What you need to do: Within the data that follows, set down exactly the lines from the one containing "Appartement à BOURGOIN-JALLIEU" through the one containing "Peugeot 308 - 11", both ends included.
(The data Opens)
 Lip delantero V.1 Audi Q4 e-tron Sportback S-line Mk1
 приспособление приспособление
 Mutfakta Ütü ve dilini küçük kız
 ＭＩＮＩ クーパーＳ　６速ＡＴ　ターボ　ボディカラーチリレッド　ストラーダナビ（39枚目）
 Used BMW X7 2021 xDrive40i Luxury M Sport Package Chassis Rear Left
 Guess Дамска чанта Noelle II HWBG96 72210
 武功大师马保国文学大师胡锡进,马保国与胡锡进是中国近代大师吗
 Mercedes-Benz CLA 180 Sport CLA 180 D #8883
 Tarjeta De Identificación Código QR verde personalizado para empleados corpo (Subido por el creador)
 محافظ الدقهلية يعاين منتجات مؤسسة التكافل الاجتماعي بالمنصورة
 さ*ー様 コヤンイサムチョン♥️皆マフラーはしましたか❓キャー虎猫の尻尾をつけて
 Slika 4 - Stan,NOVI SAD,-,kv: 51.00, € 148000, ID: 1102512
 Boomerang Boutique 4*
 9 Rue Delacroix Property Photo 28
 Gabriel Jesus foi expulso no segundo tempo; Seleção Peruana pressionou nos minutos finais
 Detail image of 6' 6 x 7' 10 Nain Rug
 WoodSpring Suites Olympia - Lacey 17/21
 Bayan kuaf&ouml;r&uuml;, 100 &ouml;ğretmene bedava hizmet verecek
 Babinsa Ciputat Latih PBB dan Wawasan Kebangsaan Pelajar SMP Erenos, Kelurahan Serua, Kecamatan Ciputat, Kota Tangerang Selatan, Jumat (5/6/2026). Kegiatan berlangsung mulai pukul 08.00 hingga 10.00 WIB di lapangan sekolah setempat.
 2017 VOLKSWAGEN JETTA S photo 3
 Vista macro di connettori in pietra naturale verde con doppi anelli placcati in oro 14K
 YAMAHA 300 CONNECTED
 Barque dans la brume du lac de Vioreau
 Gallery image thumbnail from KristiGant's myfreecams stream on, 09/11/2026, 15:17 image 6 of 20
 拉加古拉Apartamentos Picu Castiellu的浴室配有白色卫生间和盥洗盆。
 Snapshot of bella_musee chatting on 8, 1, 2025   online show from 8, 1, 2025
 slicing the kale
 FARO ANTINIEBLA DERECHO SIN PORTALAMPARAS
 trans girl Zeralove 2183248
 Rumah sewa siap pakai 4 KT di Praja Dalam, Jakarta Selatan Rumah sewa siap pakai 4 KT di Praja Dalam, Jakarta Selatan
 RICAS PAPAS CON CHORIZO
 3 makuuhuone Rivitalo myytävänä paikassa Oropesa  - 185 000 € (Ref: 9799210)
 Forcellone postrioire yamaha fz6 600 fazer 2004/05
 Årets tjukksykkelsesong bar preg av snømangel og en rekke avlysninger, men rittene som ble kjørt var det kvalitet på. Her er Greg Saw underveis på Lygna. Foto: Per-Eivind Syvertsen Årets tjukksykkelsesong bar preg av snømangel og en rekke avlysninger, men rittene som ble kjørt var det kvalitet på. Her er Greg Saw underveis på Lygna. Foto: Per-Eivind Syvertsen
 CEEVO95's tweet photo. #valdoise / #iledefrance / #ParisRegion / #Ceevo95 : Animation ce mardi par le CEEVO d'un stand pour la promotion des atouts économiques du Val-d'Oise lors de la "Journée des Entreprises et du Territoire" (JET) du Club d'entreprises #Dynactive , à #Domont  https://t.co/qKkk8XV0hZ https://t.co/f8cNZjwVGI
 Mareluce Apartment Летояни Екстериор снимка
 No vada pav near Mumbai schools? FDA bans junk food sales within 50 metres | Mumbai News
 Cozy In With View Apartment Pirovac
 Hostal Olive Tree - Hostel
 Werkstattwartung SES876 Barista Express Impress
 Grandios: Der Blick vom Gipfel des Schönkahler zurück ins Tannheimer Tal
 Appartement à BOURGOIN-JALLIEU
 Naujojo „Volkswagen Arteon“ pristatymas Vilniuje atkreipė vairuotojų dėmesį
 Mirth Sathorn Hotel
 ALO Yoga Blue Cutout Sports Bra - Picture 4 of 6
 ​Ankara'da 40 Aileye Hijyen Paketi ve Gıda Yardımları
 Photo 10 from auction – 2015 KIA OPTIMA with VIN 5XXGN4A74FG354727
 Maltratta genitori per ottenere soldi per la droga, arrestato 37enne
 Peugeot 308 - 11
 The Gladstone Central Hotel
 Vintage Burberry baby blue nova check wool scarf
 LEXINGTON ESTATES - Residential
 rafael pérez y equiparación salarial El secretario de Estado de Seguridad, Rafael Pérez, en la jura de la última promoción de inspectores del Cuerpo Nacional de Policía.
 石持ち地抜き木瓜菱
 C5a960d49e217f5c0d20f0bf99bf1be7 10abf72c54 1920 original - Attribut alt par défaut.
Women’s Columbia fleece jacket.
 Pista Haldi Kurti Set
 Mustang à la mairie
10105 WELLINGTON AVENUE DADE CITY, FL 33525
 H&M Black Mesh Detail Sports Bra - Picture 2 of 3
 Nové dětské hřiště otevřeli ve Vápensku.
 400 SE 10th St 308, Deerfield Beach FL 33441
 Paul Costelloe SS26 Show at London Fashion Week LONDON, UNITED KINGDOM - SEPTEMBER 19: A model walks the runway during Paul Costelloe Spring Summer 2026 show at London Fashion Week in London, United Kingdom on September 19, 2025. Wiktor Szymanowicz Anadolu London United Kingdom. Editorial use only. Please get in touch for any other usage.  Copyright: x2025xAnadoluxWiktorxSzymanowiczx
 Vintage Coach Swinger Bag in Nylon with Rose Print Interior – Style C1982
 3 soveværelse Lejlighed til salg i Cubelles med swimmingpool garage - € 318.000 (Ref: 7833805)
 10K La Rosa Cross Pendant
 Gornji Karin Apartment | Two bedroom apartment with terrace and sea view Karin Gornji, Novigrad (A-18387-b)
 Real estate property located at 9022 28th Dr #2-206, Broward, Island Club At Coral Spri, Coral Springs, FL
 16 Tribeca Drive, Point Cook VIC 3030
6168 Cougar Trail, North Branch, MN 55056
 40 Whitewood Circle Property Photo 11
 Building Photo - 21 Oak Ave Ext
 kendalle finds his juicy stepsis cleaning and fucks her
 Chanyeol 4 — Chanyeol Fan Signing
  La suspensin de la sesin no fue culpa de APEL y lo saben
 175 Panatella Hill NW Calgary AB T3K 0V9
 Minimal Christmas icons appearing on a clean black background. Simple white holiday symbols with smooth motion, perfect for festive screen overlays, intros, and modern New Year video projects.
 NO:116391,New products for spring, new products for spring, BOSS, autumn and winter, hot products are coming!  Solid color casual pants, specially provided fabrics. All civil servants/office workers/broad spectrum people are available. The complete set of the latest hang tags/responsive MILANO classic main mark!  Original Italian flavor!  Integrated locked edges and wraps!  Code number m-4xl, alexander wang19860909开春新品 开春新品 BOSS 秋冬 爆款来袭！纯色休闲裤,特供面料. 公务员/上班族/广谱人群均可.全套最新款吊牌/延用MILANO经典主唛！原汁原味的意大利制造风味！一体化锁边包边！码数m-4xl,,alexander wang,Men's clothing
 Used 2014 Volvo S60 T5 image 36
(The data Closes)
Answer:
 Appartement à BOURGOIN-JALLIEU
 Naujojo „Volkswagen Arteon“ pristatymas Vilniuje atkreipė vairuotojų dėmesį
 Mirth Sathorn Hotel
 ALO Yoga Blue Cutout Sports Bra - Picture 4 of 6
 ​Ankara'da 40 Aileye Hijyen Paketi ve Gıda Yardımları
 Photo 10 from auction – 2015 KIA OPTIMA with VIN 5XXGN4A74FG354727
 Maltratta genitori per ottenere soldi per la droga, arrestato 37enne
 Peugeot 308 - 11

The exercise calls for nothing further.